My sister tried a tactful approach by saying that she didn't think it would be a good idea as we'd be taking mom out for dinner one night. Not taking the hint, Ima said another night would work for them as well. The nerve! Ima said it would be such a blessing for her and her husband to get to spend an anniversary just as a couple. My sister pointed out that it was my anniversary month, too, and my husband is deployed to a war zone so I spent it without him. At any rate, Ima kept persisting despite my sister telling her no.

Who does this? I can't imagine intruding into another family's vacation in this way. Or another family's reunion. And the nerve of her, trying to guilt a virtual stranger into babysitting for her by telling her what a blessing it would be. My sister wisely refused to give me Ima's phone number. She knows I'd give Ima an earful of blessings.

Thursday, July 12, 2007


I caught this over at Andi's World. I love how articulate Andi is in addressing the core issue of being a family member of a deployed servicemember, regardless of personal politics. Some Soldier's Mom also addressed the same op-ed piece written by a Marine's mother and was equally eloquent.

Also a great post on perspective.

Wednesday, July 11, 2007

title change

I've been trying to come up with a new title for months now. Everything sounded so... well, not quite right. So, let's try "Dragonfly" and see how it fits.

Why did I pick this? The first year we were in Korea, my husband had the opportunity to go to Jeju-do. I couldn't go that year, but he brought back a beautiful dragonfly cell phone fob. It had a curved silver body and purple amythyst-like wings. Unfortunately, I lost it right before we moved from Korea. So I guess it reminds me of him. It also reminds me of our time in Korea and, by extension, my Korean heritage (I'm half). Plus, I just think they're pretty!

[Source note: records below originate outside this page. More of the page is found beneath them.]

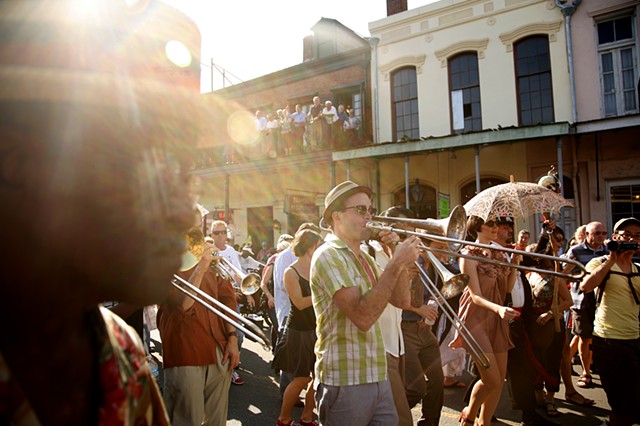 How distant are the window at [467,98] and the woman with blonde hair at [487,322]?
10665 millimetres

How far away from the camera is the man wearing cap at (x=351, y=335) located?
8.67 ft

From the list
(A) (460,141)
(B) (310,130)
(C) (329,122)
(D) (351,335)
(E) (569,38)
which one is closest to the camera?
(D) (351,335)

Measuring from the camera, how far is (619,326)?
402 cm

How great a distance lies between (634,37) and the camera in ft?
38.9

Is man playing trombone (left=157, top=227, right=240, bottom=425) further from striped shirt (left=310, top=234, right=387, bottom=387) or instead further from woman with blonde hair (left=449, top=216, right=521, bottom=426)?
woman with blonde hair (left=449, top=216, right=521, bottom=426)

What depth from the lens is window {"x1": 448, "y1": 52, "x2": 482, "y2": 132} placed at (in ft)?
45.9

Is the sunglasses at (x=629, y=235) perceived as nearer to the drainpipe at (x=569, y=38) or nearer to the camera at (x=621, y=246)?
the camera at (x=621, y=246)

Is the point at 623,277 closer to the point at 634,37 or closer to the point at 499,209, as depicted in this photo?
the point at 499,209

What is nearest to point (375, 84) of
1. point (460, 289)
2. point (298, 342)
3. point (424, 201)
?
point (424, 201)

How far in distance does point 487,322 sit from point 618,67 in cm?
1167

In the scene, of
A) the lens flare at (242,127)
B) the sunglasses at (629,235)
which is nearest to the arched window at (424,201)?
the lens flare at (242,127)

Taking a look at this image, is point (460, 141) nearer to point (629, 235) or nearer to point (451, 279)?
point (629, 235)

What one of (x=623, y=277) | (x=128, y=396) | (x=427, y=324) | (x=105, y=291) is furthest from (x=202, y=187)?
(x=623, y=277)

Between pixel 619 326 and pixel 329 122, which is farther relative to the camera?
pixel 329 122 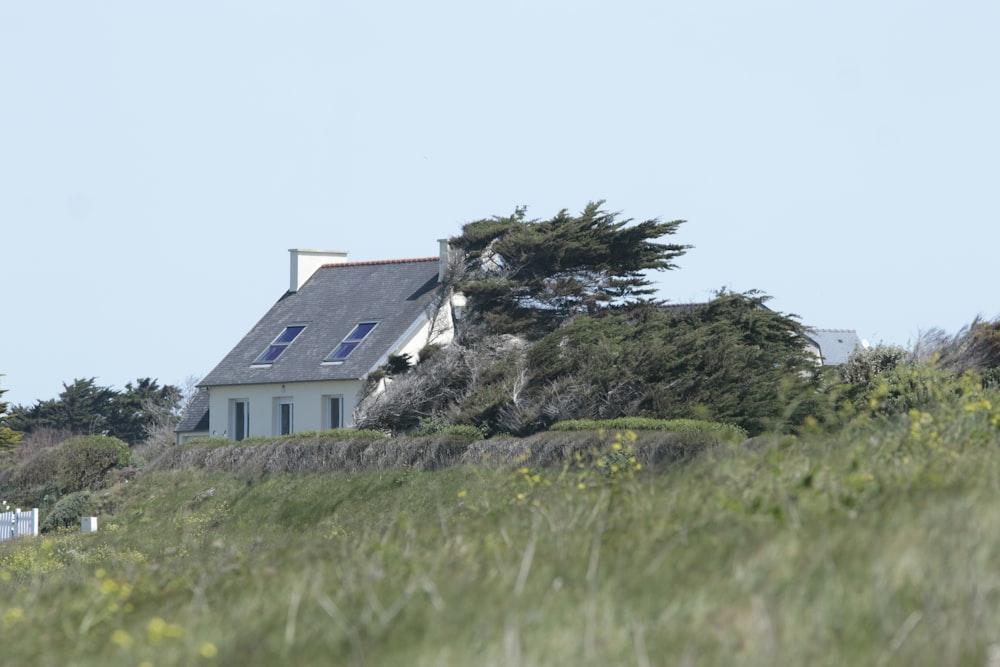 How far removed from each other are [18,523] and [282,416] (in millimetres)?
8858

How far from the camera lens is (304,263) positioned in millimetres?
41656

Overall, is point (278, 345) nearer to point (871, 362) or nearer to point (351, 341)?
point (351, 341)

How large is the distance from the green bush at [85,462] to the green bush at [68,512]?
7.19 feet

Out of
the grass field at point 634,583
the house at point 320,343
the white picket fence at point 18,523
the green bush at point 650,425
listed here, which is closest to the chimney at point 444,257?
the house at point 320,343

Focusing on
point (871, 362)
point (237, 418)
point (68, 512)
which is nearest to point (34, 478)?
point (68, 512)

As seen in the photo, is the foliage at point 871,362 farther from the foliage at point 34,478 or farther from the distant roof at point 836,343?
the distant roof at point 836,343

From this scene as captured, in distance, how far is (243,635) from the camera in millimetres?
5523

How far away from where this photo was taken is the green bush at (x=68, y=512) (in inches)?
1203

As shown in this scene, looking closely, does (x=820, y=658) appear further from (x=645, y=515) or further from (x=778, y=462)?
(x=778, y=462)

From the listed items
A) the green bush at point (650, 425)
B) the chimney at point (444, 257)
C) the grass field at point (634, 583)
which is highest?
the chimney at point (444, 257)

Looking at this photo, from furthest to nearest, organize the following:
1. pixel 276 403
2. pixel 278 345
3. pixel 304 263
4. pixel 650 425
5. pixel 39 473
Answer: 1. pixel 304 263
2. pixel 278 345
3. pixel 276 403
4. pixel 39 473
5. pixel 650 425

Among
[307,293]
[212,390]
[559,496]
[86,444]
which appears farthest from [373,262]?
[559,496]

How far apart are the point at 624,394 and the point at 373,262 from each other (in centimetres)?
1463

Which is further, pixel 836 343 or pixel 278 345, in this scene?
pixel 836 343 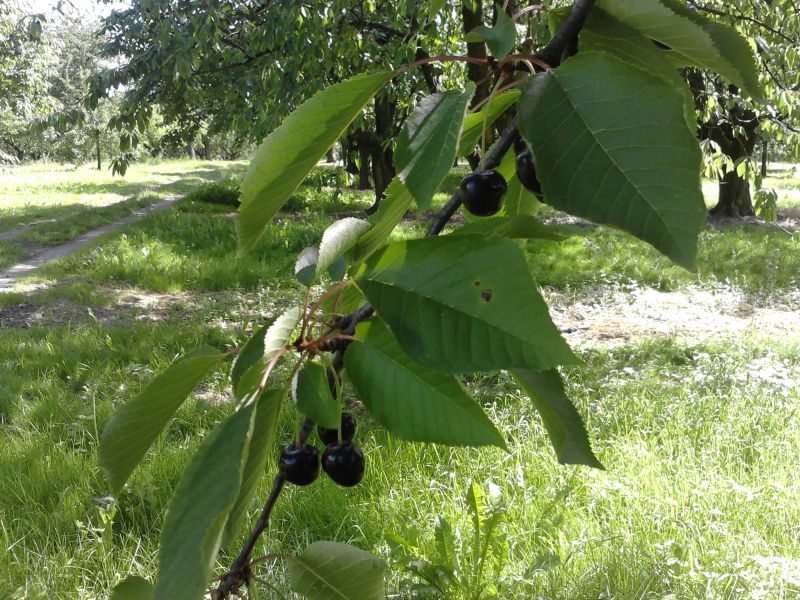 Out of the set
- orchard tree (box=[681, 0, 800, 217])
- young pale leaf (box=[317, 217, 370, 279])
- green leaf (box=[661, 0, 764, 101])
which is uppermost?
orchard tree (box=[681, 0, 800, 217])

The fact that they seem to flit from place to place seems to fit, too. Lately, it seems we are always moving! Yes, even more than is usual for a military family.

Happy Anniversary

We picked Ruth 1:16-17 as our scripture reading for our wedding ceremony. At the time, I thought I knew what those words meant. I'm sure lots of military couples choose this passage. If they don't, they should! Truer words were never spoken: "Where you go, I will go; where you lodge, I will lodge; your people shall be my people, and your God my God." Well, we've done that in spades!

In our wedding album, I incorporated a lot of quotes about love. Here are two of my favorites. I think they're pretty appropriate, too:

"Do not think that love, in order to genuine, has to be extraordinary. What we need is to love without getting tired." ~Mother Teresa

"How lucky that we two should meet and make each other's lives complete." ~Unknown

Wednesday, July 04, 2007

the sound of freedom

Happy Independence Day, everyone!

I clicked over to Jenny ("The Sound of Freedom") and was inspired to write about our family's "sound of freedom."

When Big Sis was just nine months old, we went to our base's parade ground on the 4th of July because my husband's battery was in charge of the gun salute that year. Now, when I say "gun," I should explain that my husband is an artilleryman so these were howitzers. I had Big Sis strapped into her umbrella stroller and we were on the opposite side of the parade ground. Then, as they were readying to fire the guns, I put my hands over her ears in an attempt to protect them. Hey, these things are LOUD!

A round was fired every minute until the 3 guns completed the 21-gun salute. That's over 20 minutes of incredibly loud booms. And Big Sis was getting irritated. Oh, not by the noise of the guns. That didn't faze her a bit. No, it was Mom trying to cover her ears that bothered her. She fussed and pushed my hands away. She was a true Redleg Baby. Those loud, house-shaking booms weren't noise. That was the sound of freedom.